We’re not going to disclose the amounts across each company but I will tell you the fund came together quickly from a fundraising perspective [thanks to the] work that we’ve done over the last 15 plus years [including when Kutcher and Oseary were investing their personal funds as angel investors]. And when you think of OpenAI specifically, Ashton and Sam [Altman] have known each other for over a decade. So we have fostered these incredible relationships with exceptional founders . . and built a track record. And so that’s why we were able to get quite significant allocations when you look at these companies, in quite competitive rounds.
The team at Anthropic used to work at OpenAI and is ultimately trying to compete with OpenAI. Was there any pushback about your approach?

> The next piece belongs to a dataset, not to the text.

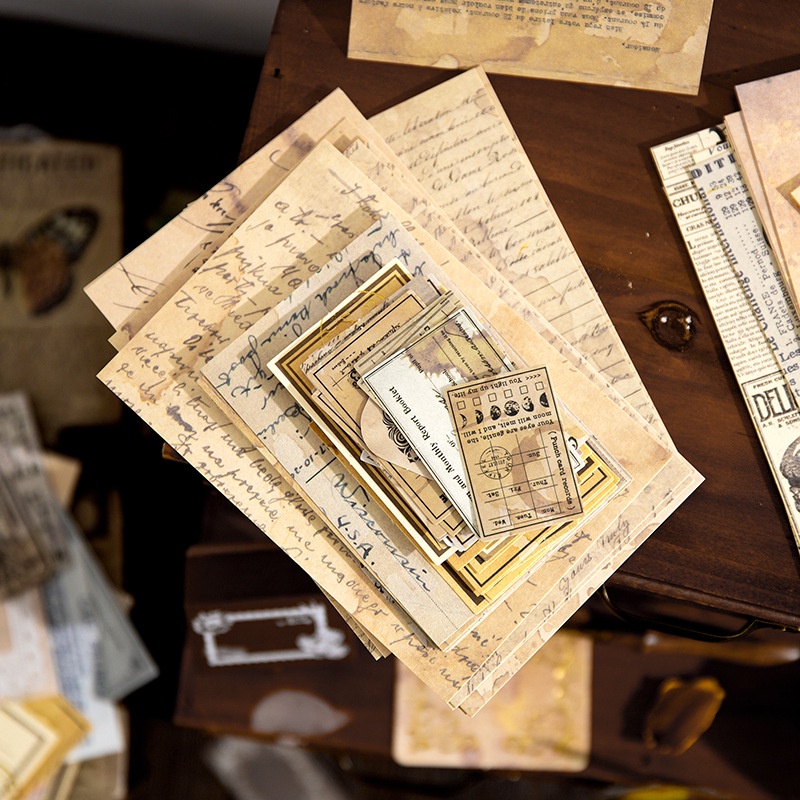 Set 100 Miếng Dán Trang Trí Sổ Tay Phong Cách retro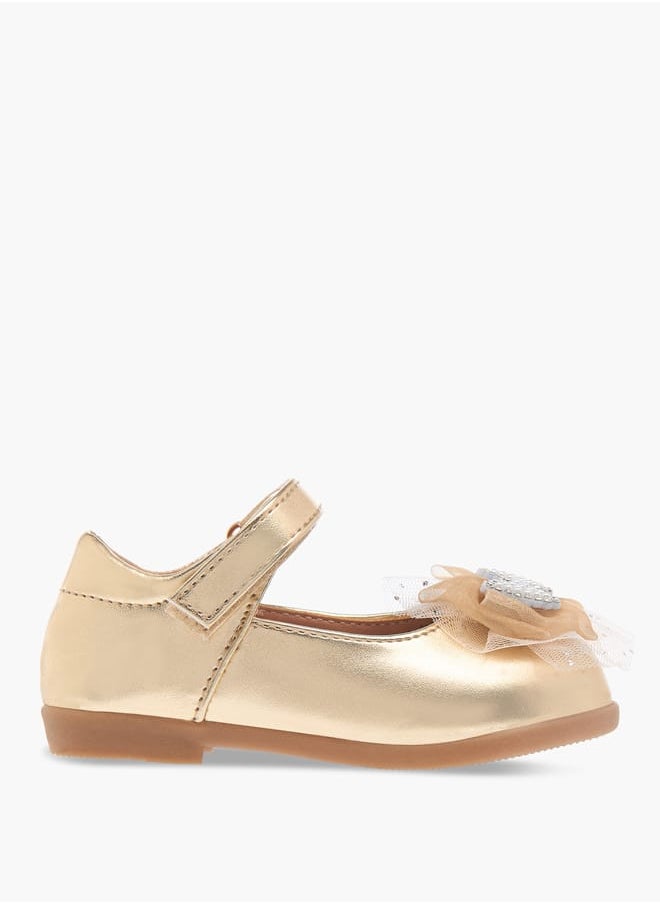 Girls Floral Bella Bow Embellished Mary Jane Shoes with Hook and Loop Closure Ramadan Collection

What’s so interesting about this ecosystem is that founders recognize they are all on a similar mission. Of course, it’s a competitive market. Companies are fighting for talent, as as you’d want them to be, but at the end of the day, if we at Sound can help support them from a narrative perspective, from a branding and marketing perspective [and to share] what’s happening broadly within AI, that is something that benefits the ecosystem as a whole, and that’s why the founders were really supportive. It’s something that we would only do with the blessing of our founders.
What kind of information rights do you get from these companies?

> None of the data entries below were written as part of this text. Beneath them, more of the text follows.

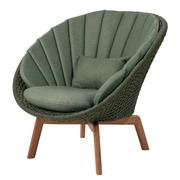 Cane line Peacock lounge chair Dark green, medium flat Cane-line Soft Rope w/teak and Dark green, Cane-line Link cushion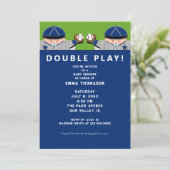 Baby shower Twin Boys Baseball Kaart (Staand voorkant)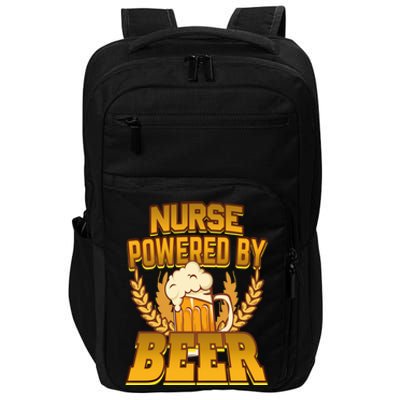 Nurse Powered By Beer Nursing Humor Gift Impact Tech Backpack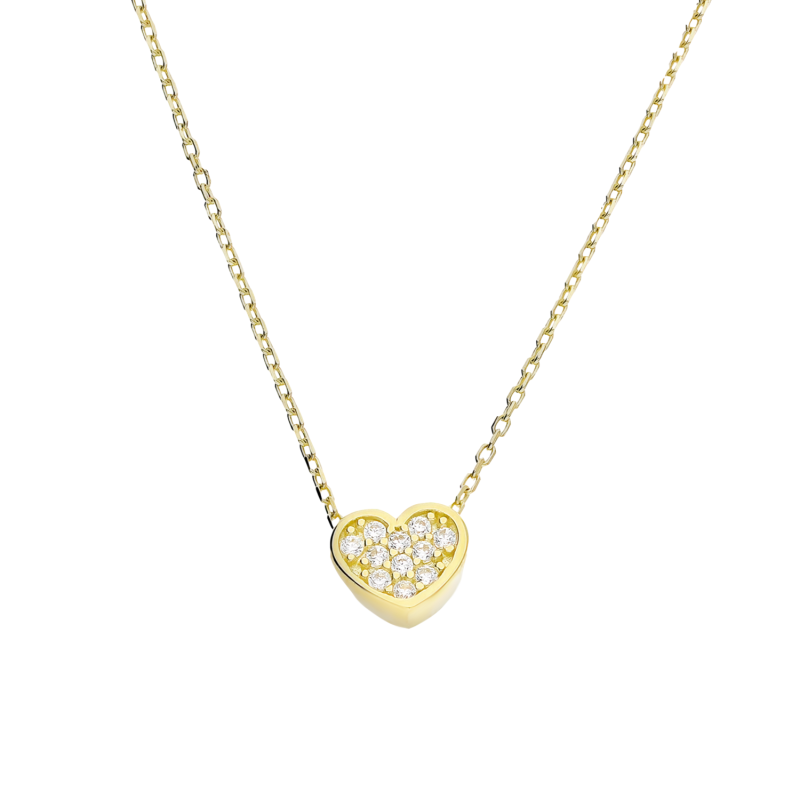 Naszyjnik złoty serce z białymi cyrkoniami/anker LP 18U235-FON0155 próba 585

I think the most important thing again is that we do this in collaboration with our founders. We’ve invested in more than 200 companies [since Kutcher and Oseary began investing in startups, including Uber, Airbnb, and Spotify]. There have been cases in the past where we’ve invested in competitors as well, and that has been with the opt-in from founders on both sides. And our track record at the end of the day of supporting founders is the reason why we’re able to attract exceptional founders to Sound.

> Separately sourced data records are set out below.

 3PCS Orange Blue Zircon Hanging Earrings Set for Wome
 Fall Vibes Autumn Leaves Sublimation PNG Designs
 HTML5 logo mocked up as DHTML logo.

Has Sound talked to Elon Musk about what he wants to build? Would you potentially back that company if it comes to pass?
That honestly is not something I can comment on at this point. He is not part of the portfolio.
Okay. But you’re obviously aware that he’s trying to build a rival to OpenAI.
In general, we’re aware of many of the players out there. That’s our job as venture investors. We need to understand what the market landscape looks like. [In fact] we’ve been investing in AI for a decade. We actually made our very first bet within artificial general intelligence back in 2007; we invested in Vicarious [the robotics and AI company acquired last year by Alphabet] and so we’ve been in and around this industry for a while and gotten to know some of the key players. It’s why this strategy came together for us quite quickly.
Sure, and I appreciate this bet on the network effects at play here. Relatedly, there was lot of attention paid last week to Chegg, whose shares tanked after it acknowledged the degree to which OpenAI’s chatbot, ChatGPT, is disrupting its business. Chegg is a portfolio company of Sound as well. How do your companies protect themselves?
We’ve reached out to a number of our companies to help them understand and think through how they can leverage this type of technology internally. We believe that every company, regardless of industry or sector or the problem that they’re trying to solve, will have to figure out a way to incorporate this into part of their offering. I think something incredible that [Chegg CEO] Dan [Rosensweig] did was, in the few weeks before earnings came out, was his announcement around a partnership with OpenAI.
How are you using AI inside Sound Ventures?
We use it for sourcing primarily, just to understand where talent is going. We’re so obsessed with talent.
In the meantime, you’re concurrently deploying another fund?
Yes. We have two strategies that we deploy in parallel. There’s the growth strategy, which is really dedicated to the foundational model here. And in parallel, we’re investing our [third, $200 million] early stage fund. That is typically used to fund Series A and B software companies. As it relates to AI, that would mean funding the application layer that sits on top of the models. That’s an area we’ve been super, super active in and exploring deeply.